[Data to examine — start]
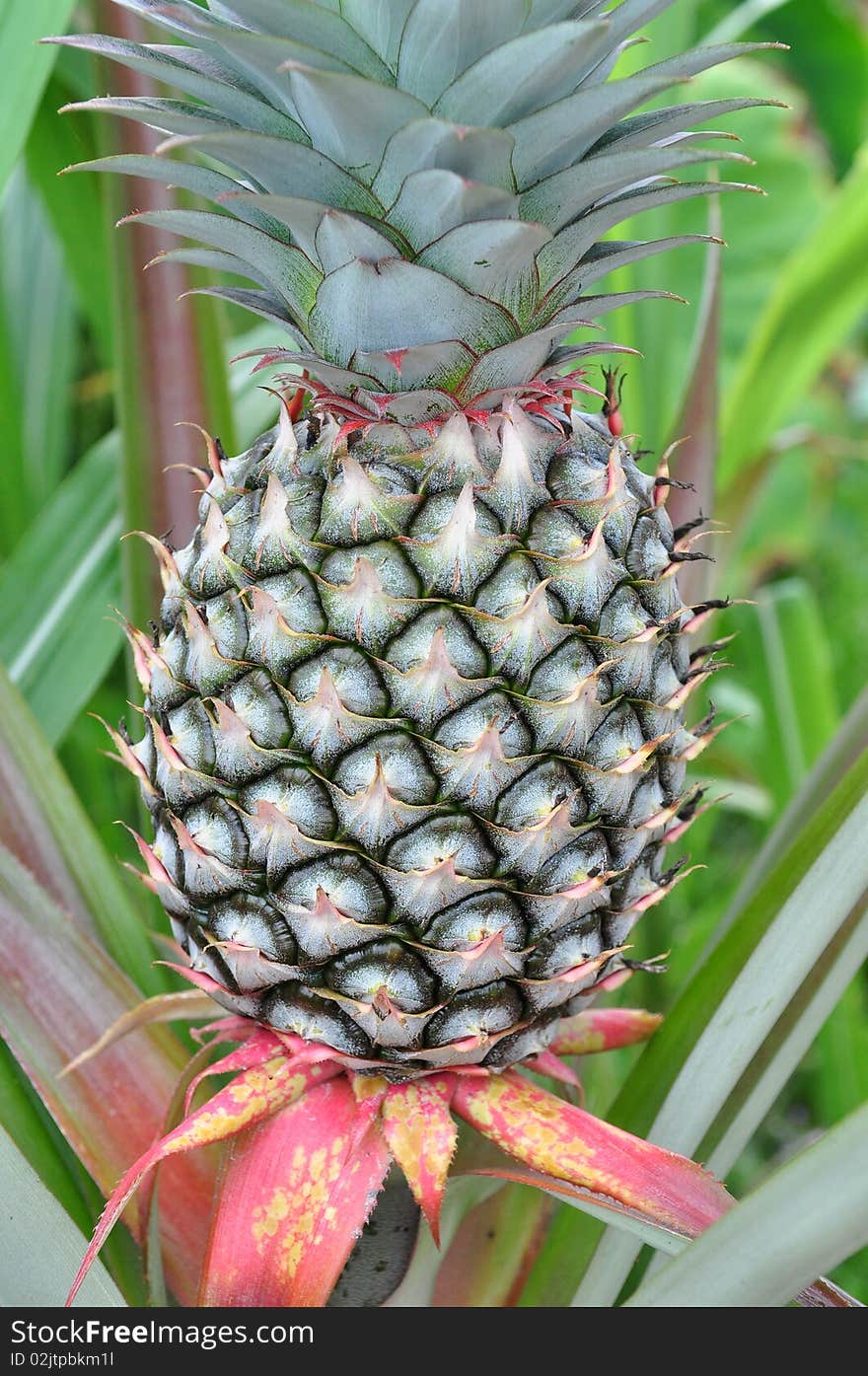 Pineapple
[Data to examine — finish]
[Data to examine — start]
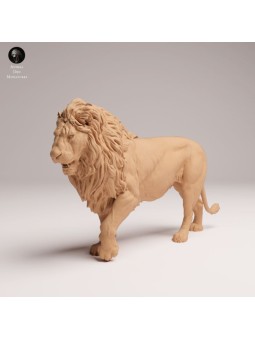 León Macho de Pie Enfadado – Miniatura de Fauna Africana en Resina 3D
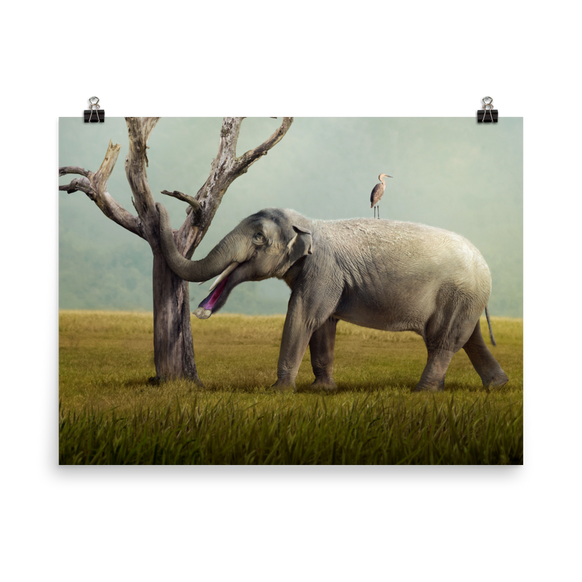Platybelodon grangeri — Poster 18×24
[Data to examine — finish]
[Data to examine — start]
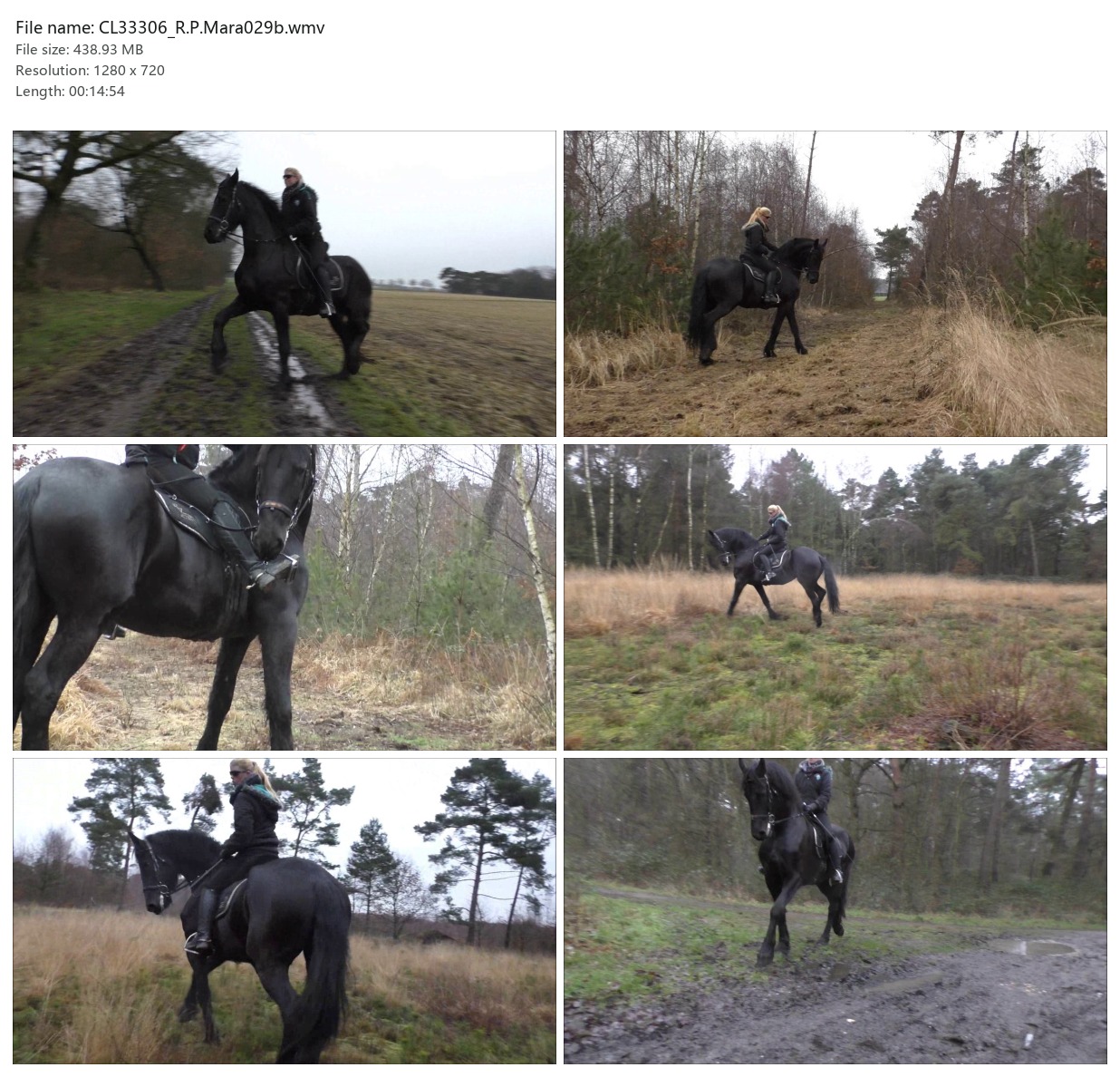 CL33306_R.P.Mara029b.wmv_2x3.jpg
[Data to examine — finish]
__Exercise prompt__
Starting with the line above that holds "León Macho de", restate each line word for word up to and including the line that holds "Platybelodon grangeri — Poster 18×24". Drop the pictures.

__Reply__
 León Macho de Pie Enfadado – Miniatura de Fauna Africana en Resina 3D
Platybelodon grangeri — Poster 18×24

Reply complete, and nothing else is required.